There are full color photographs throughout the book.
While many of the recipes are fairly basic (and by that I mean, tried and true to give great results), some are intriguing: Skin Clearing Potion, Energy Blast, and Hair Miracle Grow.
What I liked about the book:
Very thorough discussion of each possible ingredient, how to juice it without clogging your juicer, and why some vegetables are not good for juicing. The gardening guide section was an interesting way to fill out the book, and would give home gardeners some excellent information about how to integrate their fresh produce into juices.
I wasn’t so keen on:
The design issues mentioned above. Some of the photographs are out of focus.

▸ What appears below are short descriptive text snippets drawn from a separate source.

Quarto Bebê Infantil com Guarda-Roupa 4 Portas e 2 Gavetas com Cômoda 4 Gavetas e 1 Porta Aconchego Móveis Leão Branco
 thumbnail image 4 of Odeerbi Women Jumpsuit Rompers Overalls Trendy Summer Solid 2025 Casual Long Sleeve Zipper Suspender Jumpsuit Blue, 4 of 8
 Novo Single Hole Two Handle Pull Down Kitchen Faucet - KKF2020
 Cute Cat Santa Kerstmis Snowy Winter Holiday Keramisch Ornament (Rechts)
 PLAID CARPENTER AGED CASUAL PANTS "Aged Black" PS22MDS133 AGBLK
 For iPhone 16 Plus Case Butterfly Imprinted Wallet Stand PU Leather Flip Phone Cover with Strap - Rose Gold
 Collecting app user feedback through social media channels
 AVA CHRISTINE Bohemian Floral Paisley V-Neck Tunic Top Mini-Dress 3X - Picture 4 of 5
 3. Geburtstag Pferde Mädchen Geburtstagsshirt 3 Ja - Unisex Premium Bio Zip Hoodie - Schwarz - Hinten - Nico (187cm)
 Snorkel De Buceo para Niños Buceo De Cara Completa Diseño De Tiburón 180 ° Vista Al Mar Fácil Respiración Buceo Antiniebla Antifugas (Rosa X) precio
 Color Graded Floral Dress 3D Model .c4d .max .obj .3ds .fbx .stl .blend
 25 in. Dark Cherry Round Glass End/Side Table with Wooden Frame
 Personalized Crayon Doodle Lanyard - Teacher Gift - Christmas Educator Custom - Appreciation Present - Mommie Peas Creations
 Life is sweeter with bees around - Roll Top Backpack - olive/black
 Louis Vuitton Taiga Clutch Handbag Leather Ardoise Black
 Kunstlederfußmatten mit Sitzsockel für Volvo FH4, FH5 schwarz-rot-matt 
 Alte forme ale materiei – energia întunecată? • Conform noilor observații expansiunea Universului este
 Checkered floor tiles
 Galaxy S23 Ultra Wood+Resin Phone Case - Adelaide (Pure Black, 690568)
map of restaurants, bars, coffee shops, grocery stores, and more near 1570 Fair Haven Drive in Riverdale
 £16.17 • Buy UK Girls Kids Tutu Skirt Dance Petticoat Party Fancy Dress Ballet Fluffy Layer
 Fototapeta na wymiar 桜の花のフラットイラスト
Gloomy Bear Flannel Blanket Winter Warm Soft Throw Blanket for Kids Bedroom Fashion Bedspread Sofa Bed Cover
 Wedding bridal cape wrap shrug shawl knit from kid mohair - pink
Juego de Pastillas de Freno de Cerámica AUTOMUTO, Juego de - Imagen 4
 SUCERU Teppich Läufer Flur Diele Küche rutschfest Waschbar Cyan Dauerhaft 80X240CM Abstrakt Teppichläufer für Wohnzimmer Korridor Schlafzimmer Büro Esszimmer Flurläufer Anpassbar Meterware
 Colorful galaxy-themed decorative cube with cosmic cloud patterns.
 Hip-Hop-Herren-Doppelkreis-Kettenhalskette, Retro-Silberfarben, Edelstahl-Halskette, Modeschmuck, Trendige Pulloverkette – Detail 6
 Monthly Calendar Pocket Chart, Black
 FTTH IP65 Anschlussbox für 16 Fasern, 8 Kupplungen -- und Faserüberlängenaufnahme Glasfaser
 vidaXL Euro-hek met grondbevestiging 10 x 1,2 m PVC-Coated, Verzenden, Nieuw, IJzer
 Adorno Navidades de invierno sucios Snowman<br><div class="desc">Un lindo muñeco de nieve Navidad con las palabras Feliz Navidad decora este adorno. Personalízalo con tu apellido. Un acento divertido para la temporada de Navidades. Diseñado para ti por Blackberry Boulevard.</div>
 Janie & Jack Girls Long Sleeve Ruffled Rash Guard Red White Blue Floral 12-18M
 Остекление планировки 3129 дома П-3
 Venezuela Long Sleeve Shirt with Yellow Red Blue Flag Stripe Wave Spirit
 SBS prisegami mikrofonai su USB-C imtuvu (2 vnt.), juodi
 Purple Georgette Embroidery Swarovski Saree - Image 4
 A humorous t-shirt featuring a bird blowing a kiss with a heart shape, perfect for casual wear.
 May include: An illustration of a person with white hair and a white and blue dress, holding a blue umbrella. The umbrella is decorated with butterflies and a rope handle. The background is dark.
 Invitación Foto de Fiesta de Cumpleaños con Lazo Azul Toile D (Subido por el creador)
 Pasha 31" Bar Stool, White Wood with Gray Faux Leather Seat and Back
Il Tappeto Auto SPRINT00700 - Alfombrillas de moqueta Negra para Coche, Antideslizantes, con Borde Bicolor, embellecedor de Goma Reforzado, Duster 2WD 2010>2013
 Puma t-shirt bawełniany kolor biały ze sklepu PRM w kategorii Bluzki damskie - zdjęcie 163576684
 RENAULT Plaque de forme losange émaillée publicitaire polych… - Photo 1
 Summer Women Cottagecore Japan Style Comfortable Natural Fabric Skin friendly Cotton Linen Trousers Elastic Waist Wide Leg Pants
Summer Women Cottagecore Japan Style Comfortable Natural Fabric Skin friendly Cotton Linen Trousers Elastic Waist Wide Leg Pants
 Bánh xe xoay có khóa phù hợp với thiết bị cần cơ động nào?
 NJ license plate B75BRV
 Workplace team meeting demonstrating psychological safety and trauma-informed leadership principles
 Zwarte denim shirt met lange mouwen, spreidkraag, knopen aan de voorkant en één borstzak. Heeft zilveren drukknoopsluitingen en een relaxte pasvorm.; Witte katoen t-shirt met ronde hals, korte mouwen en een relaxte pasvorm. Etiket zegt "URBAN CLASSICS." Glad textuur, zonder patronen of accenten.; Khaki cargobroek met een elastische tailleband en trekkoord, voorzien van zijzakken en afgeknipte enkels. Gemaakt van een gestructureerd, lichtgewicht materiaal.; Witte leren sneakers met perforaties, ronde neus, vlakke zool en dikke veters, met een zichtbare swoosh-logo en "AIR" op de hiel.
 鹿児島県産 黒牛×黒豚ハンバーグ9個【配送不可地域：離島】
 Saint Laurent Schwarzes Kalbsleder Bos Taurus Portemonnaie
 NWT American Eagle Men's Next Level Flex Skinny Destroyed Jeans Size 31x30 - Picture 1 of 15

Anyone wanting to learn more about juicing and good combinations; vegans, vegetarians, celiacs, gluten-free eaters. If you know your triggers, this is fine for migraine sufferers, although I would caution about having straight (high-sugar) fruit-only juices. While there is no nutritional analysis included, this also should be fine for low-sodium eaters. Just be aware that some fruits and vegetables are naturally high in sodium, and juicing concentrates that (beets, spinach, celery, and carrots).
A note about my cookbook reviews: In the past, I tested at least three recipes from each book, took photos, and described my experience. Due to my dietary limitations (extremely-low-sodium for my Meniere’s Disease and trigger-free foods for migraine relief), it is no longer possible for me to test the recipes and do them justice.